Legend tells us that a town existed near the site of Lecce right back at the time of the Trojan Wars, though this is hard to verify. What is sure, however, is that the town was taken over by the Romans in the 3rd century BC. Evidently not caring much for its position, they moved it 3km north, began developing its potential and renamed it Licea.

The Emperor Hadrian spent considerable time and resources fortifying it (he loved building walls remember!) and oversaw the building of an archetypally straight Roman road linking the town to the coast (at modern day San Cataldo, about 10km away). The town's stature was assured with the construction of a 25,000-seater amphitheatre and a theatre.

With the fall of Rome, Lecce eventually came under the control of Byzantium in 549 and it remained thus until the arrival of the Normans in the 11th century. It prospered greatly as part of the Kingdom of Sicily and from 1053 to 1463 it was one of the most important towns in southern Italy. 

The early 17th century saw a new invasion, but this time of a cultural variety: the Baroque! Over the course of a hundred or so years, the town changed face almost completely. Existing churches and buildings were given makeovers and many new ones were built by ambitious young architects whose fantasy new no bounds. Baroque Lecce was born and most still survives to wow visitors.

Sights to see while strolling through Lecce's lovely streets 

Piazza del Duomo is a real treat, surrounded, as it is, by some delightful buildings. The Duomo itself was built originally in 1144 but with the arrival of the Baroque zealots in the mid-17th century it was given a facelift and a 70m-high bell tower was added for good measure.

The Basilica di Santa Croce has one of the finest and most intricate Baroque facades in Italy.

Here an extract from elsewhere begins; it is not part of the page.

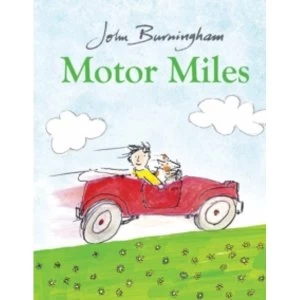 Image of Motor Miles by John Burningham (Hardback, 2016)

The level of detail is quite stunning and the evident perfectionism of its creators most probably contributed to the building's exceptionally long period of gestation: it took over 200 years to complete before it was finally opened for worship in 1695.

The Church of Saints Niccolo’ and Cataldo is a fascinating Norman church built by King Tancred of Sicily in 1180. The façade was significantly embellished with statues and other decorative art in the early 1700s, but the impressive original portal fortunately remained. The result is a fascinating mix of Norman austerity and Italianate Baroque fussiness.

Cafés, bars and restaurants flank the streets offering refreshments and front row seats from which to observe the comings and goings of the locals as they go about their daily business.

The Statue of Saint Oronzo: Saint Oronzo is the beloved patron saint of Lecce. The column from which his statue surveys the old town centre of Lecce was originally one of two that signalled the end of the Roman Via Appia in Brindisi. It arrived in Lecce in the 17th century as a gift from the people of Brindisi, who believed that their neighbour's patron Saint had interceded on their behalf and save their town from the plague.

Under the gaze of Saint Oronzo's statue is Lecce's Roman amphitheatre, built at the end of the 2nd Century BC. A series of earthquakes, bombardments and unfortunate town-planning initiatives meant that it remained buried and forgotten until after the 2nd World War, when excavations began. About two thirds of the arena were uncovered and archaeologists have calculated that it would have measure some 100x80m with a capacity of around 25,000 spectators.

Il Castello di Carlo V: Charles V, Holy Roman Emperor and King of Spain (just two of his many titles), inherited vast swathes of Europe, including the south-east of Italy. Plagued by attacks from the bothersome Ottomans, he ordered a series of towers and fortifications to be built along the coast of Puglia. One such work was the castle in Lecce, built between 1539 and 1549 on the site of an existing Norman fortress. Its muscular ramparts belie the beauty of the interiors, which feature a delightful central courtyard and a series of halls decorated to suit the tastes of a Holy Roman Emperor. Today the castle plays host to cultural and artistic events.

A quintessentially southern Italian town, bursting with piazzas and palazzi, Lecce's old town centre is a wonderful setting for the strolling visitor. Cafés, bars and restaurants flank the streets offering refreshments and front row seats from which to observe the comings and goings of the locals as they go about their daily business.